A list of ModelServer objects.

Raises

ClientException – an error occured.

get(name)

Get a model server.

Parameters

name (str) – model server name

Returns

A ModelServer.

Raises

ClientException – an error occured.

rm(name)

Remove a model server.

Parameters

name (str) – Model server name

Raises

ClientException – an error occured.

serve(model, entrypoint, github_url, **kwargs)

Create a new model server using a model.

Parameters
  • model (str) – Targeted model, should be in MODEL:VERSION format

  • entrypoint (str) – Path to the file to be used as the model server entrypoint, e.g. serve.py or similar.

  • github_url (str) – a GitHub URL to a repository for code to include in the server.

  • github_ref (str, optional) – a reference to a commit, branch, or tag in the repository corresponding to github_url for code to include in the run (default: master).

  • commit_ref (str, optional) – git commit hash to use (default: HEAD).

  • name (str, optional) – Name of the model server. Defaults to the model name.

  • node_group (str, optional) – Name of the node group to serve from. Defaults to the default node group.

  • classname (str, optional) – Name of the Predictor class. Only required if more then one predictor exists in the entrypoint.

  • pip_packages (list of str, optional) – pip dependencies (default: None). For example: ["moviepy", "scikit-image"].

  • apt_packages (list of str, optional) – apt dependencies (default: None). For example: ["python-tk", "ffmpeg"]

  • requirements_file (str, optional) – a path to a pip requirements file.

  • envvars (dict of str -> str, optional) – name to value mapping of environment variables for the server (default: None).

  • attached_resources (dict of str -> str, optional) – resource name to mountpoint mapping of attached resouces for the run (default: None). For example: {"runs/42" : "/mnt/data"}

  • resource_requirements (dict of str -> str, optional) – configuration mapping for node resource requirements: CPU, GPU, RAM, etcetera. Has sane default values.

  • num_processes (int) – The number of processes to run the model server on. By default this is (2 * numberOfCores) + 1, or equal to the available GPUs if applicable.

  • pod_autoscale_config (dict of str -> str, optional) – configuration mapping for pod autoscaling: min_pods, max_pods, target_cpu_utilization, target_requests_per_second. Has sane default values.

  • enable_batching (bool, optional) – Whether or not to enable model server batching. Defaults to False.

  • batching_config (dict of str -> int, optional) – If model server batching is enabled, the values passed to this parameter are used to configure it. If left empty, the default batching parameter values will be used. Has two keys: max_batch_size and request_timeout.

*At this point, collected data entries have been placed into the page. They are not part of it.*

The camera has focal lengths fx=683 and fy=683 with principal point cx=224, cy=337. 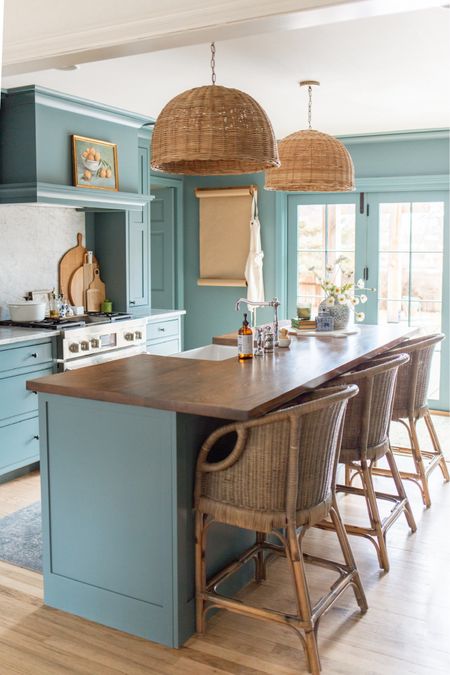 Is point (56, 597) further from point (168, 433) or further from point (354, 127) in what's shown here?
point (354, 127)

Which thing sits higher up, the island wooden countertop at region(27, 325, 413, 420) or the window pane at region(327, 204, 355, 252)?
the window pane at region(327, 204, 355, 252)

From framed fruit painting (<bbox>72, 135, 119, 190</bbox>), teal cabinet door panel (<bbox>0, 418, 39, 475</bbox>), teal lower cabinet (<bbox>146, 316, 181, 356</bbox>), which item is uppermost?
framed fruit painting (<bbox>72, 135, 119, 190</bbox>)

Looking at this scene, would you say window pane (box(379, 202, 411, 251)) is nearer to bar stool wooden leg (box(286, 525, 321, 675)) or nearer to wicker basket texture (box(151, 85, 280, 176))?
wicker basket texture (box(151, 85, 280, 176))

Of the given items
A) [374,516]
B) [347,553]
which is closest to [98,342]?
[374,516]

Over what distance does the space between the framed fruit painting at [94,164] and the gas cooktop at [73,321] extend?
0.98m

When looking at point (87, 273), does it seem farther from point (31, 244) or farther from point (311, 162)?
point (311, 162)

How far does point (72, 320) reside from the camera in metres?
5.08

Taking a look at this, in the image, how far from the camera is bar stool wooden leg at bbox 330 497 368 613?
8.97ft

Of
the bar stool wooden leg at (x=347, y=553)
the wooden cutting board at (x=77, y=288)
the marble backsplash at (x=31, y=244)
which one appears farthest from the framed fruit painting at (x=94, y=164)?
the bar stool wooden leg at (x=347, y=553)

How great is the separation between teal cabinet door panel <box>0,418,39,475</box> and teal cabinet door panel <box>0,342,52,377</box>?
377 millimetres

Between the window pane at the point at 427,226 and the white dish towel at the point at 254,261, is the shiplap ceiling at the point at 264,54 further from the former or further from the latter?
the white dish towel at the point at 254,261

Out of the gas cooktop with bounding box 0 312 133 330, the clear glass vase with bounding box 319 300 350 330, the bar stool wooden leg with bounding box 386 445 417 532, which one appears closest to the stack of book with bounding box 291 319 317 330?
the clear glass vase with bounding box 319 300 350 330

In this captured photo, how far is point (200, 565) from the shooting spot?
8.48ft

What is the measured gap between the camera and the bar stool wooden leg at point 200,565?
2564 millimetres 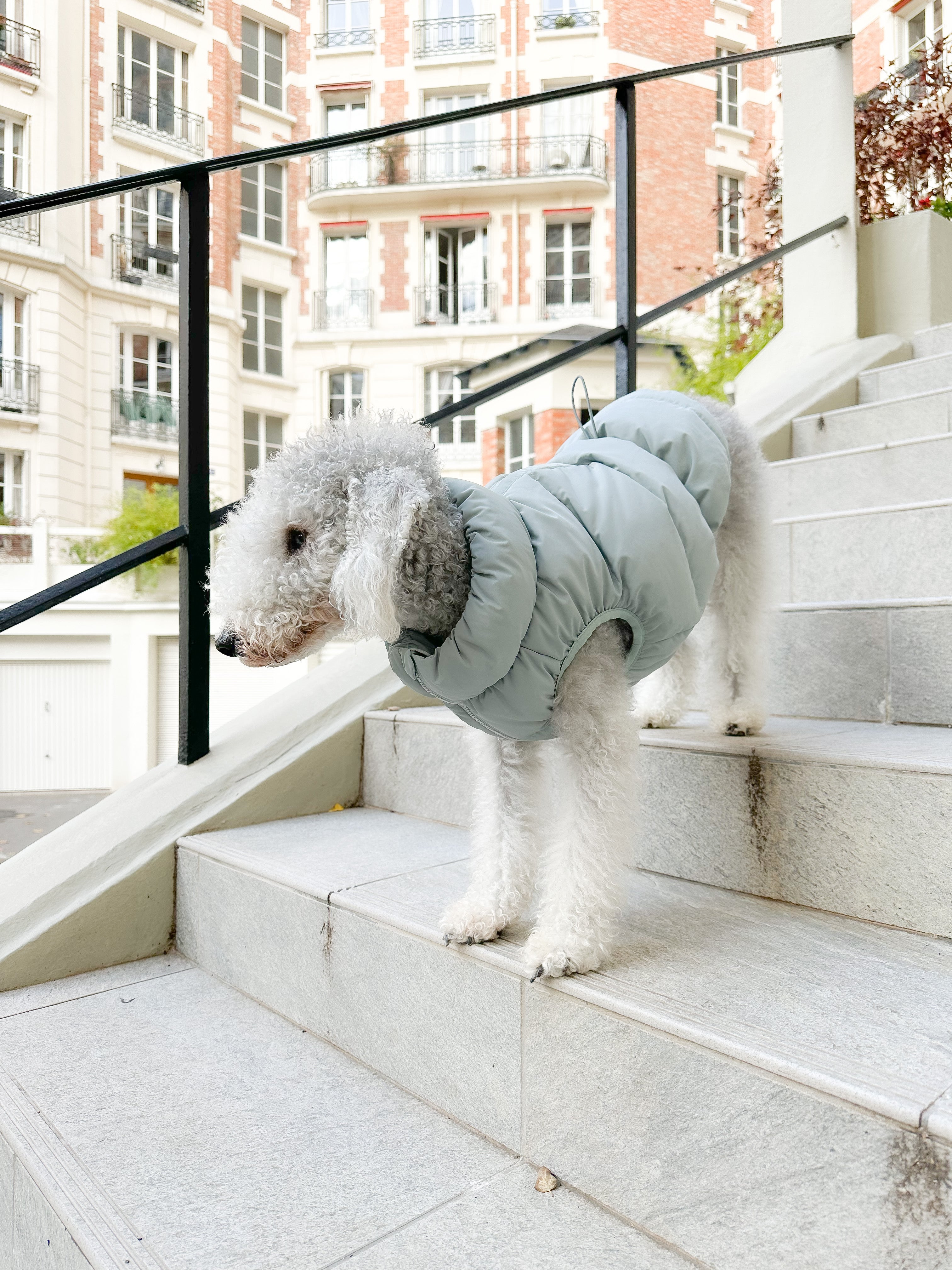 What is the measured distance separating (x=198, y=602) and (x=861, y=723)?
129 centimetres

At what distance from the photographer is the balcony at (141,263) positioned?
14633 mm

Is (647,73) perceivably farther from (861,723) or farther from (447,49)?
(447,49)

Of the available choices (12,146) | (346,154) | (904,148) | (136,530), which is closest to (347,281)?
(346,154)

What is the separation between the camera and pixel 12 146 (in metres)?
12.9

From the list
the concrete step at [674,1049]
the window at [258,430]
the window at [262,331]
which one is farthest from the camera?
the window at [262,331]

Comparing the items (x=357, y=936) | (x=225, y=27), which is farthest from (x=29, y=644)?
(x=357, y=936)

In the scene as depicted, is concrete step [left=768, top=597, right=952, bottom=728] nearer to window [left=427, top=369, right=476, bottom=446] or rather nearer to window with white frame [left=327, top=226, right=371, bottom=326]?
window [left=427, top=369, right=476, bottom=446]

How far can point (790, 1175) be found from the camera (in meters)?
0.71

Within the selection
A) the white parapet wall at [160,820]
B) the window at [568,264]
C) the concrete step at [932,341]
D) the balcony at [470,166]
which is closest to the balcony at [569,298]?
the window at [568,264]

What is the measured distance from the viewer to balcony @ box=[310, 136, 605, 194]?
16203mm

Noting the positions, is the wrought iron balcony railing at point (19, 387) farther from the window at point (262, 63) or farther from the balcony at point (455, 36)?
the balcony at point (455, 36)

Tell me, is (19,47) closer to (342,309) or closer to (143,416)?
(143,416)

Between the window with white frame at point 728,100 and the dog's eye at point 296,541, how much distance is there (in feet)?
62.6

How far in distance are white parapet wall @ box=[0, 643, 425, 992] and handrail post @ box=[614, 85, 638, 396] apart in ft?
3.25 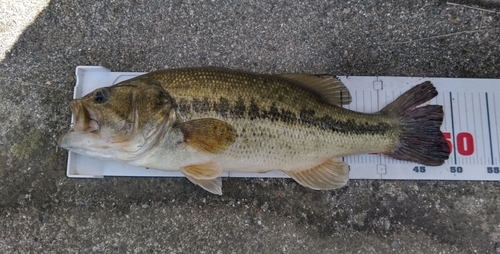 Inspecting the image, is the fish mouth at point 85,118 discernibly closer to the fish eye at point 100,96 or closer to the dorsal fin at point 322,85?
the fish eye at point 100,96

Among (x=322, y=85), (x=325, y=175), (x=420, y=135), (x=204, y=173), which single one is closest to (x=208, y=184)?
(x=204, y=173)

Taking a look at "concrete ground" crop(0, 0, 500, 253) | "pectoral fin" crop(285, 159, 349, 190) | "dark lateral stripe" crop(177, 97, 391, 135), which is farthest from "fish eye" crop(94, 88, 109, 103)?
"pectoral fin" crop(285, 159, 349, 190)

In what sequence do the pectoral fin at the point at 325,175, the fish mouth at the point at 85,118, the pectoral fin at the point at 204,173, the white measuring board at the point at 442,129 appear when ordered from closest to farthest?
1. the fish mouth at the point at 85,118
2. the pectoral fin at the point at 204,173
3. the pectoral fin at the point at 325,175
4. the white measuring board at the point at 442,129

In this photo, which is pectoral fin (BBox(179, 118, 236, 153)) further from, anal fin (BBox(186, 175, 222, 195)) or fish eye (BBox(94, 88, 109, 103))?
fish eye (BBox(94, 88, 109, 103))

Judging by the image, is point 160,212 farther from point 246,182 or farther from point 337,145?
point 337,145

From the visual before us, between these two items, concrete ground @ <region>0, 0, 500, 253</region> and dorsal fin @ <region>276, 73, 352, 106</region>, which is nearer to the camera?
dorsal fin @ <region>276, 73, 352, 106</region>

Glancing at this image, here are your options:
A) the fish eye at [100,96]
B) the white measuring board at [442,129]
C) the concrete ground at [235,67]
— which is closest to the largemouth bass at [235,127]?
the fish eye at [100,96] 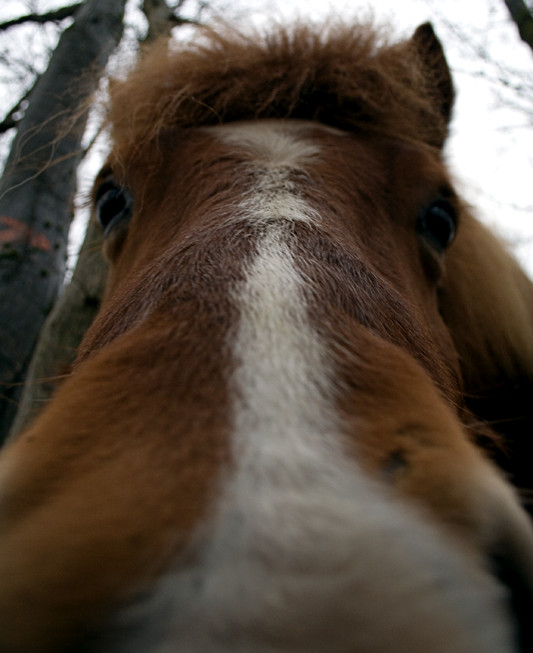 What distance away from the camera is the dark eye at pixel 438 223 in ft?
A: 5.92

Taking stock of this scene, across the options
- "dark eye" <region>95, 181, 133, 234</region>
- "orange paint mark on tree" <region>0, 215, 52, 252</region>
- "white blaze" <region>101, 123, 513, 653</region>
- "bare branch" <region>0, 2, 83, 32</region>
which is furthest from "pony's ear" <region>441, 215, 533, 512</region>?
"bare branch" <region>0, 2, 83, 32</region>

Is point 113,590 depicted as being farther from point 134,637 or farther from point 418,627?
point 418,627

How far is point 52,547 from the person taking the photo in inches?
21.2

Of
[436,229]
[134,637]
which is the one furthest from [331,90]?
[134,637]

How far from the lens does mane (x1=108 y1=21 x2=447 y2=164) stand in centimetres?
196

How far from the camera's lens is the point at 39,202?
264 centimetres

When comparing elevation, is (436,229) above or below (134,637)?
above

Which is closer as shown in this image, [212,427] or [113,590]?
[113,590]

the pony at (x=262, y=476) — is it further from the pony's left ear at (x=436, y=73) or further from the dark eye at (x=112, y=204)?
the pony's left ear at (x=436, y=73)

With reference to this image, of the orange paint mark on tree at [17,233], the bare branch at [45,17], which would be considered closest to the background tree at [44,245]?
the orange paint mark on tree at [17,233]

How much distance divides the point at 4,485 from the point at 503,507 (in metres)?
0.64

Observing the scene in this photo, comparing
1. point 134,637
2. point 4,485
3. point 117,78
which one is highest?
point 117,78

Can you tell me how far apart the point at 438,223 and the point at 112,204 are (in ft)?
4.25

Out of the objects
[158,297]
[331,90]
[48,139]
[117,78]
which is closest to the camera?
[158,297] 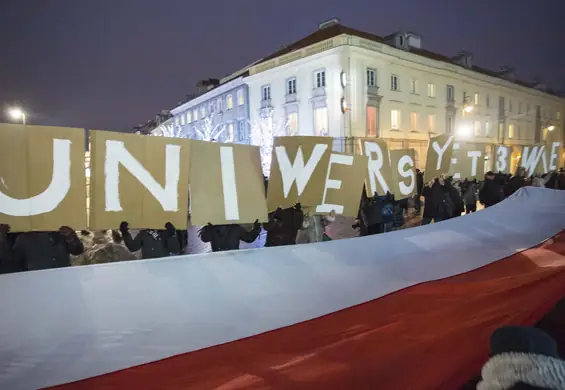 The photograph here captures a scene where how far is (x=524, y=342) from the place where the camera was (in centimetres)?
114

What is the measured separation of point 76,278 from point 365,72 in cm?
2816

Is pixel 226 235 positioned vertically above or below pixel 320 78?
below

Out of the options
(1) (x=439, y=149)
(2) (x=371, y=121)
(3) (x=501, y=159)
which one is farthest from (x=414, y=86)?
(1) (x=439, y=149)

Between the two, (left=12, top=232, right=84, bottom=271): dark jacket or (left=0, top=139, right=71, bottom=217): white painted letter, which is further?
(left=12, top=232, right=84, bottom=271): dark jacket

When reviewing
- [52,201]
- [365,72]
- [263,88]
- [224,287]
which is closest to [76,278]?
[224,287]

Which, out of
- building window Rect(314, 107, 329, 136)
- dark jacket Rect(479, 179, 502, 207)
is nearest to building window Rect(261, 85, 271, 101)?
building window Rect(314, 107, 329, 136)

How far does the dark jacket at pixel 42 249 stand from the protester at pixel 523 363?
4.02 meters

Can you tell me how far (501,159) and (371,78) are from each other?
20.2 m

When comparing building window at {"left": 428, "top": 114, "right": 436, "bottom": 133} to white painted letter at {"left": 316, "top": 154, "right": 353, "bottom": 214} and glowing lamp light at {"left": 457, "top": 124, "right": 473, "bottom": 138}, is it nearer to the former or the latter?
glowing lamp light at {"left": 457, "top": 124, "right": 473, "bottom": 138}

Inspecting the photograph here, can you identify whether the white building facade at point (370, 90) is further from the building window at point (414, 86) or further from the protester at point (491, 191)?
the protester at point (491, 191)

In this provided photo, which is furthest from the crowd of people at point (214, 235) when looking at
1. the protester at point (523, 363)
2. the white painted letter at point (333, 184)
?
the protester at point (523, 363)

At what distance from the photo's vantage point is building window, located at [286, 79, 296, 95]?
30641 mm

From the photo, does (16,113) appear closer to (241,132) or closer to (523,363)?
(523,363)

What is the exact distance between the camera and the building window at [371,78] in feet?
93.1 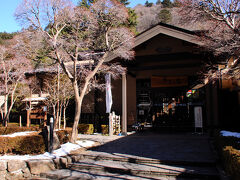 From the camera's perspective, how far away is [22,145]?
7.54 meters

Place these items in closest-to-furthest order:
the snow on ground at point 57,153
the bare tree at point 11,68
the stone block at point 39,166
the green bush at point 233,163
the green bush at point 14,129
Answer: the green bush at point 233,163 < the stone block at point 39,166 < the snow on ground at point 57,153 < the green bush at point 14,129 < the bare tree at point 11,68

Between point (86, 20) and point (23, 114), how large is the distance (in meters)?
12.2

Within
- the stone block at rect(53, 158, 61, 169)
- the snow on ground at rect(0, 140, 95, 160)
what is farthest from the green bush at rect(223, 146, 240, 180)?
the snow on ground at rect(0, 140, 95, 160)

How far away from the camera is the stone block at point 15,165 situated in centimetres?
634

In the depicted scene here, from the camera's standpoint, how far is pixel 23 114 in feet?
60.0

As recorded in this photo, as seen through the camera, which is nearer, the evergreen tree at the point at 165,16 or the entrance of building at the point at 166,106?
the entrance of building at the point at 166,106

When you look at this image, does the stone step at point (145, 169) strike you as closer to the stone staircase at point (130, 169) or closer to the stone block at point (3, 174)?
the stone staircase at point (130, 169)

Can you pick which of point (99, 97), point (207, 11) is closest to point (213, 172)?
point (207, 11)

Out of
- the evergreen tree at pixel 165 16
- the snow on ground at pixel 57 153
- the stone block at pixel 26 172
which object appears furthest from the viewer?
the evergreen tree at pixel 165 16

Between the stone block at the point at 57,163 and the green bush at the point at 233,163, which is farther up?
the green bush at the point at 233,163

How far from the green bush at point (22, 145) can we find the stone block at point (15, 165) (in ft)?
3.45

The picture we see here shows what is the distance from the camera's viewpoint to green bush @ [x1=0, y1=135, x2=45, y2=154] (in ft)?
24.2

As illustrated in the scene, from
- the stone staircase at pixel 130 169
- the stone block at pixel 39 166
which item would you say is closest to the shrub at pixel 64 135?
the stone staircase at pixel 130 169

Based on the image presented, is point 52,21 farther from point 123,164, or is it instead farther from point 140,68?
point 123,164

  • description – (str, optional): Model server description, defaults to None.

  • debug (bool, optional) – Launches the model server in debug mode. Should not be used in production.

Raises

ClientException – an error occured.

ModelServer

class ModelServer

Object representing a Spell model server.

id

Model server id

Type

int

server_name

Model server name

Type

str

status

Model server status (e.g. Running, Stopped)

Type

str

url

Model server endpoint URL

Type

str

created_at

Model server creation timestamp

Type

datetime.datetime

updated_at

Timestamp for the last time an action was performed on this server.

Type

datetime.datetime

cluster

Model serving cluster configuration details such as provider, region, subnet, and cloud provider credentials.

Type

dict

model_version

A ModelVersion object containing information on the model being served. See the corresponding docs for more information.

Type

ModelVersion

entrypoint

The model server entrypoint (e.g. serve.py).

Type

str

workspace

Details describing the git repository the model server was launched from.

Type

dict

git_commit_hash

Commit hash fingerprinting the version of the code this server is running.

Type

str

pods

Lists current and historic Kubernetes pods that served or are serving this server.

Type

list of ModelServerPod

creator

The Spell user who created this model server initially.

Type

User

resource_requirements

The resource requirements and limits currently set for this model server. To learn more refer to the model server documentation.

Type

ContainerResourceRequirements

pod_autoscale_config

A mapping of server performance configuration values: min_pods, max_pods, target_cpu_utilization, target_requests_per_second.

Type

PodAutoscaleConfig

additional_resources

Lists additional files (besides the model) attached to this model server.

Type

list of Resource

batching_config

Batching configuration details. Refer to the corresponding section of the docs for more information.

Type

BatchingConfig

environment

A mapping of additional pip and apt dependencies installed onto this model server.

Type

Environment

healthcheck(**kwargs)

Query the model server HTTPS health check endpoint.

Parameters
  • **kwargs – additional keyword arguments to be passed to requests.get. For eaxmple,

  • timeout parameter may be helpful for the case that the server request hangs. (the) –

Returns

the server response. Use the ok field, status_code field, or raise_for_status object method to verify server health.

Return type

requests.Response

Raises

requests.exceptions.RequestException – an error occurred.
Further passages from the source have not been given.